The whole idea behind the BitCoin was to facilitate online transactions at very low or even at zero cost. It is a real pity that speculators jumped on the bandwagon and made its value shoot through the roof. In my opinion, ideally its exchange rate should have been fixed against one of the major currencies e.g. the US$ or the GBP, to avoid these huge fluctuations in its value.
And I agree with you. I think that the BitCoin or a similar form of an online, virtual currency, is the future :)

Cheers,

Tim

Sorry for late reply, haven't logged in here for a few days.

We've not worked with Prestashop... we're an asp.net developer and produce an open source asp.net shopping cart (see my footer link) which is pretty well known in asp.net circles. We've created a bitcoin integration for this... it talks directly to the bitcoin software so doesn't rely on bitpay or similar.

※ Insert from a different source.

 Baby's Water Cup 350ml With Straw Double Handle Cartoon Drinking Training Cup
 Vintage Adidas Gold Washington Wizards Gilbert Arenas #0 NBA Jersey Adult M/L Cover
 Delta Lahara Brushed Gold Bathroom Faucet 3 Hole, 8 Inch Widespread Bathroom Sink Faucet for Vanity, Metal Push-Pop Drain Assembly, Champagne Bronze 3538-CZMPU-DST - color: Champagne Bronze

Fixing Bitcoin's value to a pound or a dollar would defeat the whole purpose of the currency... it is designed to be a currency in its own right. In many ways the fixed amount of bitcoins that will be created is deliberate. Its a reaction to the unlimited watering down of savings that today's central banks are undertaking. It also encourages early adopters - if bitcoins take off, the value of them must go up.

Eventually market forces will intervene and bitcoins will find a proper market value... but that could take a few years and it will be a bumpy ride until that happens.